Required work =
Copy the data exactly. Images are the one exception.

Material provided =
--*--
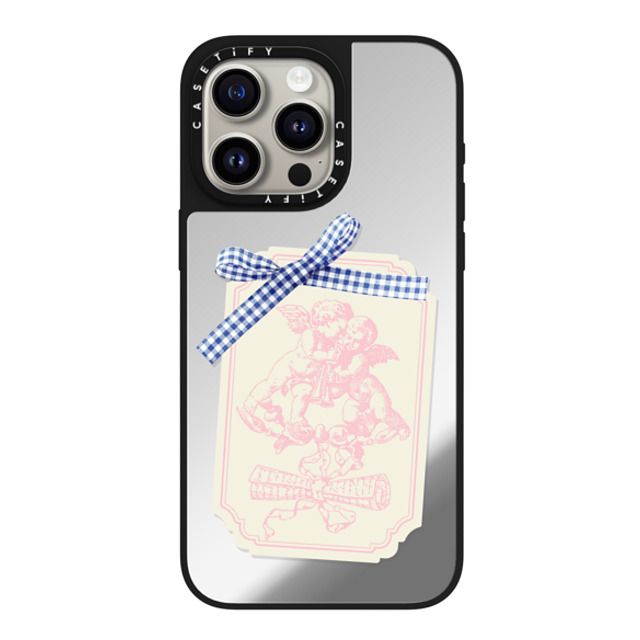 CASETiFY iPhone 15 Pro Max ケース Silver on Black ミラーケース MagSafe対応 Cottagecore,Love Coquette Journal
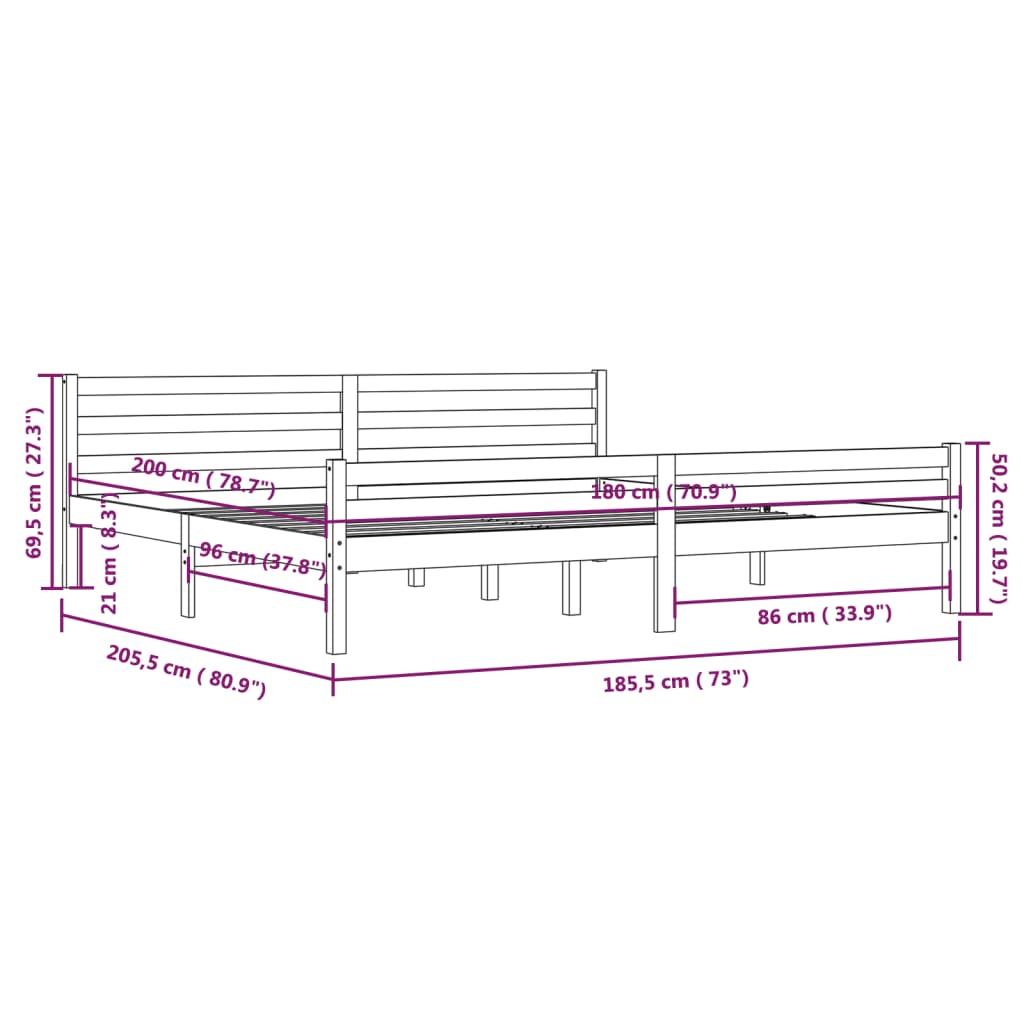 vidaXL sengeramme 180x200 cm massivt fyrretræ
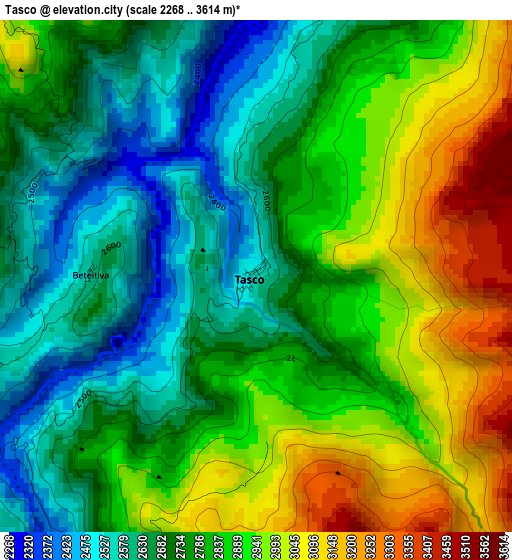 Tasco elevation map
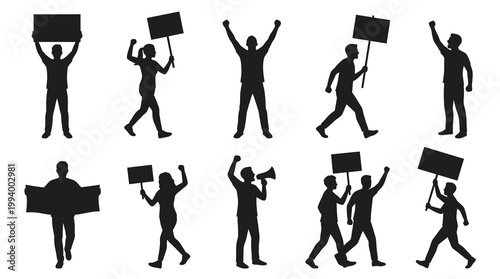 Activism and Protest People Silhouettes Holding Signs - Social Issues Vector Art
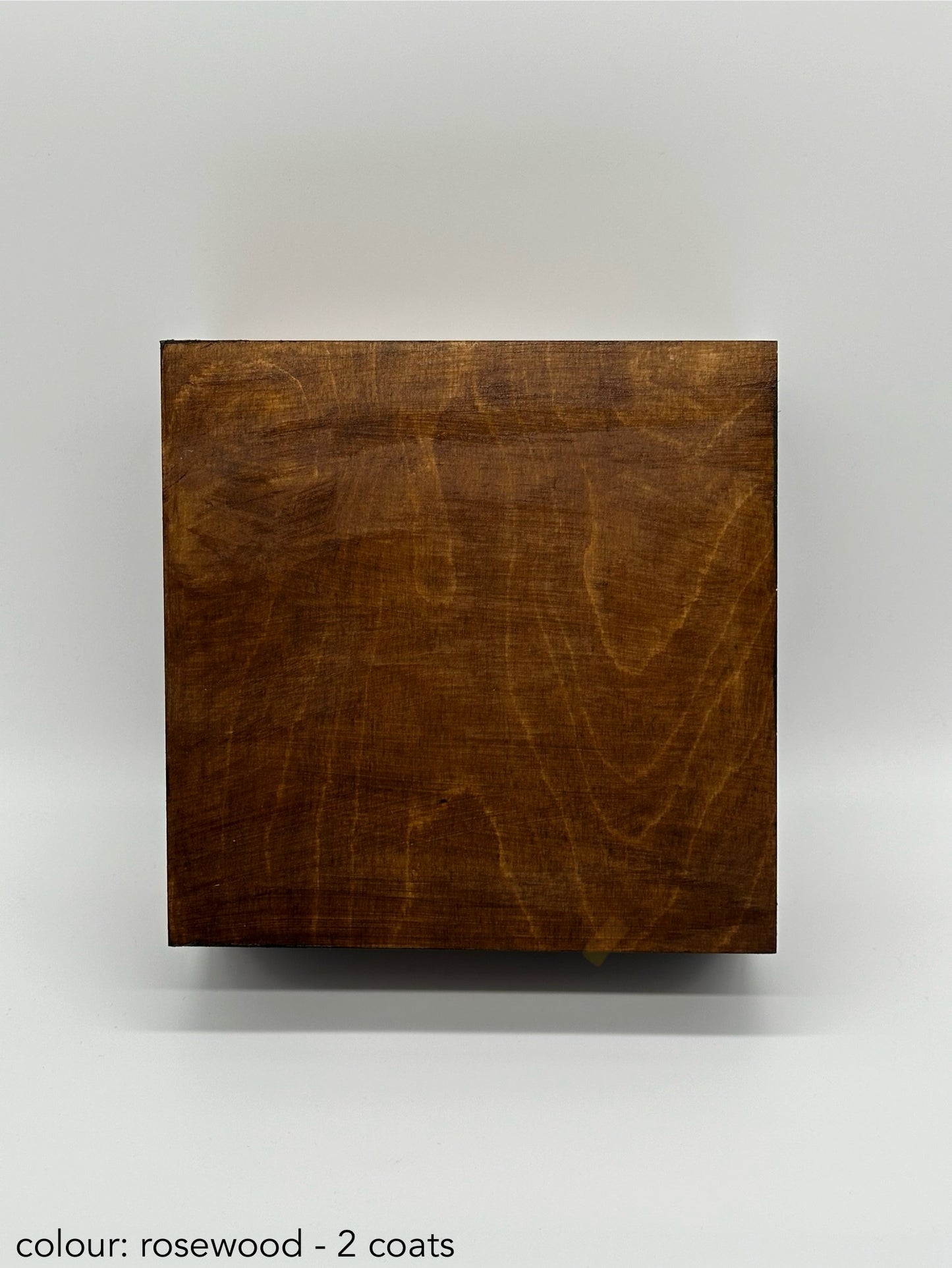 Painted large square box - rosewood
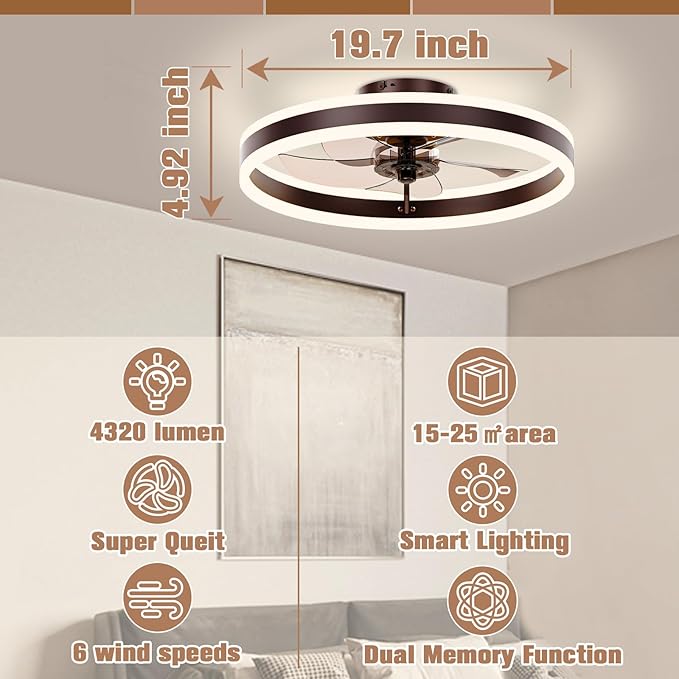 VOLISUN Low Profile Ceiling Fans with Lights and Remote, 19.7in Flush Mount Ceiling Fans with Light, 3000K-6500K Dimmable Fandelier LED Fan Light, Brown Bladeless Ceiling Fans with Lights for Bedroom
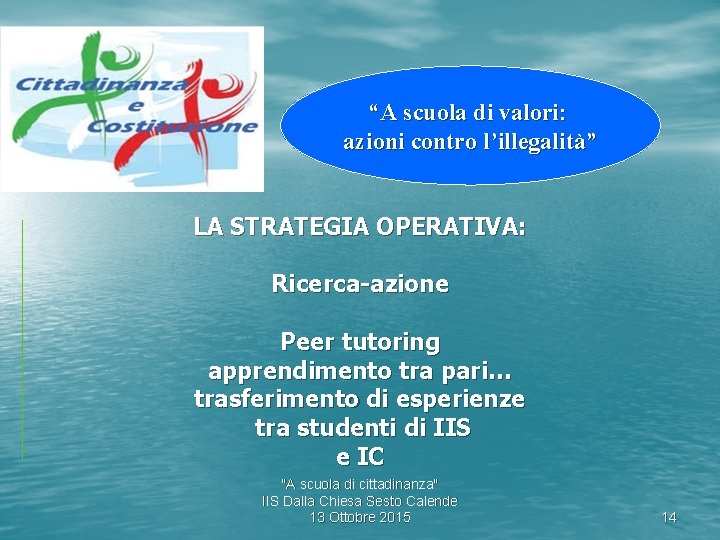 “A scuola di valori: azioni contro l’illegalità” LA STRATEGIA OPERATIVA: Ricerca-azione Peer tutoring apprendimento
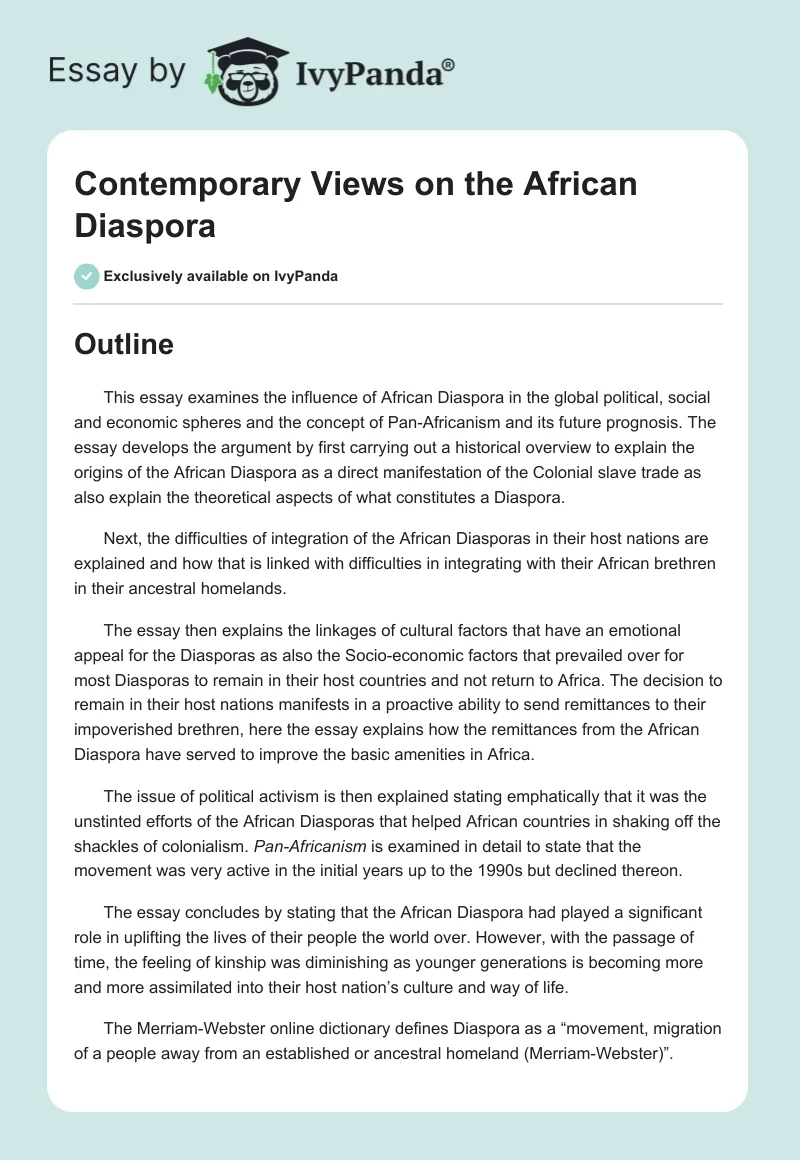 Contemporary Views on the African Diaspora. Page 1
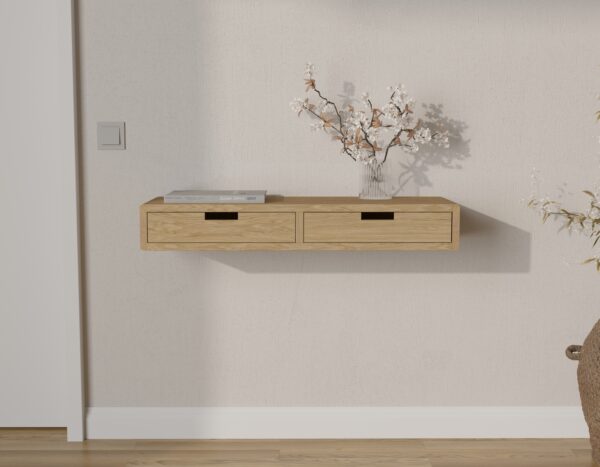 Console murale en bois 90 x 30 cm avec tiroirs, aux côtés arrondis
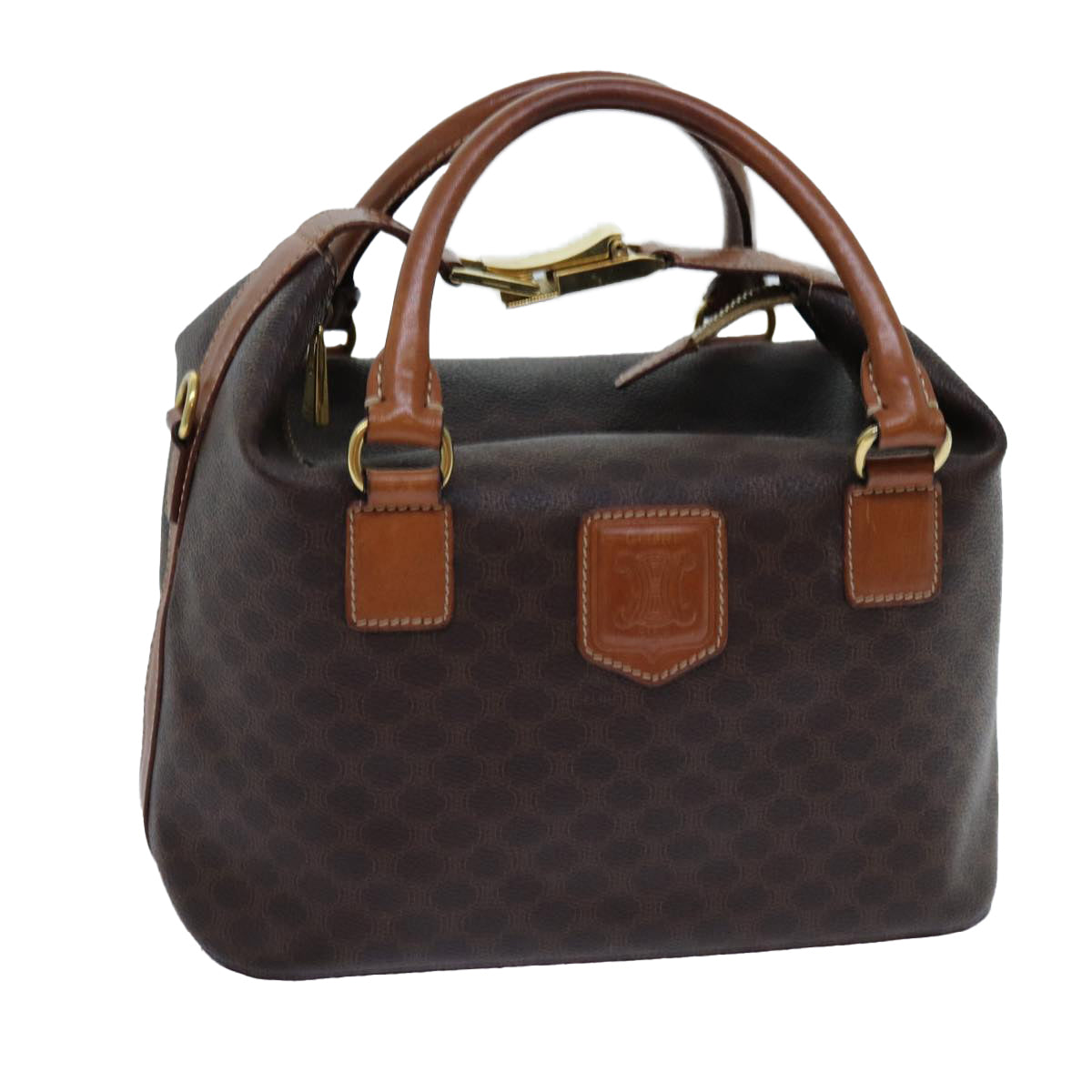 CELINE Macadam Canvas Hand Bag PVC Brown  71883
--*--
Answer to this problem =
 CASETiFY iPhone 15 Pro Max ケース Silver on Black ミラーケース MagSafe対応 Cottagecore,Love Coquette Journal
 vidaXL sengeramme 180x200 cm massivt fyrretræ
 Tasco elevation map
 Activism and Protest People Silhouettes Holding Signs - Social Issues Vector Art
 Painted large square box - rosewood
 VOLISUN Low Profile Ceiling Fans with Lights and Remote, 19.7in Flush Mount Ceiling Fans with Light, 3000K-6500K Dimmable Fandelier LED Fan Light, Brown Bladeless Ceiling Fans with Lights for Bedroom
 “A scuola di valori: azioni contro l’illegalità” LA STRATEGIA OPERATIVA: Ricerca-azione Peer tutoring apprendimento
 Contemporary Views on the African Diaspora. Page 1
 Console murale en bois 90 x 30 cm avec tiroirs, aux côtés arrondis
 CELINE Macadam Canvas Hand Bag PVC Brown  71883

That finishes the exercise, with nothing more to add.